See if the last comment in this thread help https://github.com/Zulko/moviepy/issues/1986
In my case, the following commands (reinstall moviepy) have solved my issue:
pip uninstall moviepy decorator
pip install moviepy
Thanks a lot!
I run the command
python -u infer_audio2vid.py
on my gpu, but I got the following CUDA OOM error:Traceback (most recent call last): File "infer_audio2vid.py", line 259, in
main()
File "infer_audio2vid.py", line 227, in main
video = pipe(
File "/home/p122g24/.conda/envs/echomimic2/lib/python3.8/site-packages/torch/autograd/grad_mode.py", line 27, in decorate_context
return func(*args, kwargs)
File "/gpfs/home/p122g24/chanhyuk/EchoMimic/src/pipelines/pipeline_echo_mimic.py", line 507, in call
pred = self.denoising_unet(
File "/home/p122g24/.conda/envs/echomimic2/lib/python3.8/site-packages/torch/nn/modules/module.py", line 1194, in _call_impl
return forward_call(*input, *kwargs)
File "/gpfs/home/p122g24/chanhyuk/EchoMimic/src/models/unet_3d_echo.py", line 503, in forward
sample, res_samples = downsample_block(
File "/home/p122g24/.conda/envs/echomimic2/lib/python3.8/site-packages/torch/nn/modules/module.py", line 1194, in _call_impl
return forward_call(input, kwargs)
File "/gpfs/home/p122g24/chanhyuk/EchoMimic/src/models/unet_3d_blocks.py", line 446, in forward
hidden_states = attn(
File "/home/p122g24/.conda/envs/echomimic2/lib/python3.8/site-packages/torch/nn/modules/module.py", line 1194, in _call_impl
return forward_call(*input, kwargs)
File "/gpfs/home/p122g24/chanhyuk/EchoMimic/src/models/transformer_3d.py", line 145, in forward
hidden_states = block(
File "/home/p122g24/.conda/envs/echomimic2/lib/python3.8/site-packages/torch/nn/modules/module.py", line 1194, in _call_impl
return forward_call(*input, *kwargs)
File "/gpfs/home/p122g24/chanhyuk/EchoMimic/src/models/mutual_self_attention.py", line 156, in hacked_basic_transformer_inner_forward
self.attn1(
File "/home/p122g24/.conda/envs/echomimic2/lib/python3.8/site-packages/torch/nn/modules/module.py", line 1194, in _call_impl
return forward_call(input, kwargs)
File "/home/p122g24/.conda/envs/echomimic2/lib/python3.8/site-packages/diffusers/models/attention_processor.py", line 522, in forward
return self.processor(
File "/home/p122g24/.conda/envs/echomimic2/lib/python3.8/site-packages/diffusers/models/attention_processor.py", line 743, in call
attention_probs = attn.get_attention_scores(query, key, attention_mask)

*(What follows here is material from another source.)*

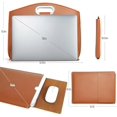 thumbnail image 5 of Women's Laptop Tote Bag Set for Laptops and iPad Cases 2PCS, 14-16in Handbag Waterproof Leather Briefcase, 5 of 7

File "/home/p122g24/.conda/envs/echomimic2/lib/python3.8/site-packages/diffusers/models/attention_processor.py", line 598, in get_attention_scores
attention_scores = torch.baddbmm(
torch.cuda.OutOfMemoryError: CUDA out of memory. Tried to allocate 12.00 GiB (GPU 0; 23.70 GiB total capacity; 17.09 GiB already allocated; 4.54 GiB free; 17.46 GiB reserved in total by PyTorch) If reserved memory is >> allocated memory try setting max_split_size_mb to avoid fragmentation. See documentation for Memory Management and PYTORCH_CUDA_ALLOC_CONF
My remote server spec is the following:
OS: CentOS Linux release 7.9.2009 (Core) GPU: NIVIDA GeForce RTX 3090 24gb
And I installed most packages of requirements.txt, but due to cuda version installed on gpu, I refined torch version and opencv-python version:
torch 1.13.1+cu116 torchaudio 0.13.1+cu116 torchvision 0.14.1+cu116 opencv-python-headless 4.10.0.84
Also, I just only used
"./assets/test_imgs/a.png"
and"./assets/test_audios/echomimic_en.wav"
. I have seen that running echomimic on rtx 3090 10gb would be fine but I do not understand why CUDA OOM error occurs. Please help me out!Thank you for your help in advance.